BOOK REVIEW

Horthólary, by Michael Reynier

Paul StJohn Mackintosh

Fearful French Fantastic Fun

Horthólary is the second collection of historical, fantastical adventures of Professor Summanus Horthólary, French savant and sometime occult investigator, from his student years under Louis XV to his old age in Napoleonic France. “The four tales presented here span almost the entire life of Professor Horthólary, from a few days before his birth to within two years of his death,” as the Preface explains. “Why these four, and not any of the many other accounts encrypted in his journals? To begin with, they are among the more unusual of his cases: encounters with flying machines, meteors, witchcraft and giants. ” And the tales more than deliver on the promise of the unusual.

The stories develop a common cast of characters and setting, rooting and deepening the narratives while still able to stand alone. Jean Gélis, Lieutenant-Criminal of the Sénéchaussée of Pessane and Horthólary’s longtime companion and Watson, Césaire Poquelin the redoubtable peasant boy, the sinister Philippe Rapin, Bishop and later Archbishop, are all drawn with great conviction. Any reader who might be deterred by the cod presentation of the tales as a fake piece of scholarship, by “E.S. Rubus … Professor of Regional and Dialectical Studies at the University of Pessane where she has studied and taught the journals of Summanus Horthólary for over twenty-five years,” shouldn’t be: although the setting and some of the diction might have a period flavour, the tales are anything but antiquated. Lovers of steampunk and occult adventures will find plenty to enjoy.

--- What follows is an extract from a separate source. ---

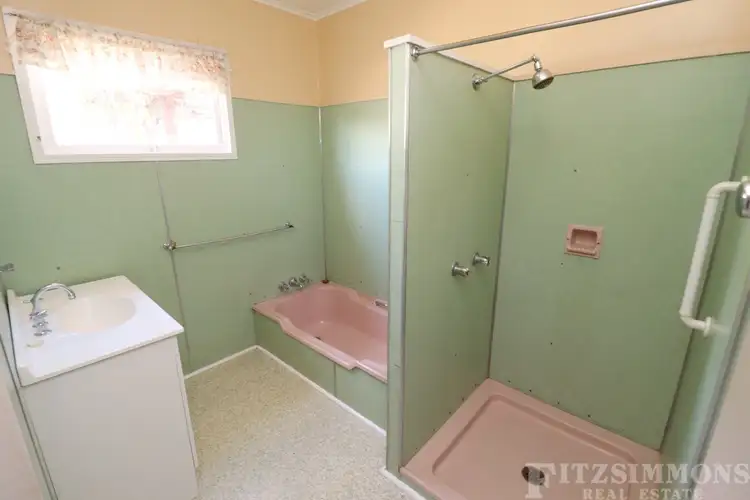 Seventh view of Homely house listing, 47 Orpen Street, Dalby QLD 4405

Others will delight in the loving, intricately detailed – and painstakingly mapped – evocation of Montagascony, “that was once called the Pays Montagasque,” the provincial southern French setting with its warring institutions, brutal peasantry, oppressive church, and secretive heretical sect of Palbanites. The sense of place is so rich that it’s surprising to discover that Michael Reynier, despite his name, is British and a former British Museum employee.

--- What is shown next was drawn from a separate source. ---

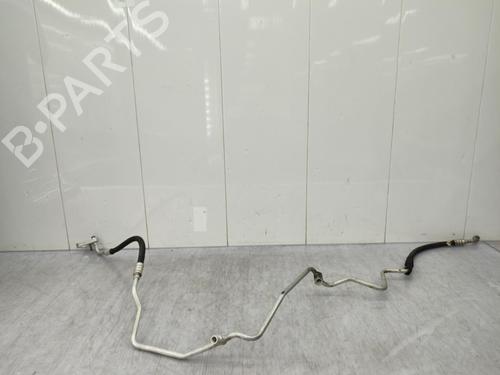 AC pipe MERCEDES-BENZ E-CLASS (W211)  | BP23731671M126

Anyone who knows Clark Ashton Smith’s Averoigne tales will be reminded of that imaginary French province, and that’s high praise indeed. There are other more recent but just as distinguished precedents: the alien visitation of “Dii Nixi,” for instance, evokes the shade of T.E.D. Klein’s celebrated “The Events at Poroth Farm” without being overshadowed by it. Actually, some of the stories, especially the last one, “Nemestrinus,” work terrifically well as tales of detection – though with premises and outcomes that few mundane investigators could predict.

The edition is produced to the usual superlative standards at Tartarus Press, and for anyone who doesn’t wish to spend £35.00 for the sewn hardback limited edition of just 300 copies, there’s a freely available ebook version, in both EPUB and MOBI/Kindle formats, for just £4.99. At that price, it’s a bargain, for some superb enjoyment.

 

From the Book:

“Summanus Horthólary has been a Professor of Anatomy for over fifty years. He has assisted the Sénéchal of Pessane on several of the most unusual cases that the Office has had to deal with. But never has he been confronted with such a ghastly sight as this.”

“The figure—it is clearly a figure he can see now, sprawled face-up in the snow—is not moving and, although he can never satisfactorily explain it, he knows it is without life. And yet its discovery has spoiled the moment. Irritably, Guillaume Tichot trots towards the spot in the snow, adjusting his woollen britches and wiping his hand on a spray of mistletoe. He peers over the motionless figure. It is a man and he is dead, his frozen features preserving in perfect frosty exactitude an expression of abject fear. “

“As the winter far away yawns and stretches in her great bed of ice and autumn’s scything winds are unleashed, the leaf transforms into a fiery blaze of russet-red, orange and ochre-gold. And with this one act of rebellion a whole revolution is begun. Each leaf now takes its turn to destroy itself in defiance of the cruelty of the seasons. The whole forest catches colour, the scorching flames bleeding into the valleys and ravines in great incontinent daubs of saffron and ruby. Autumn is loose and even now she bounds across the plains.”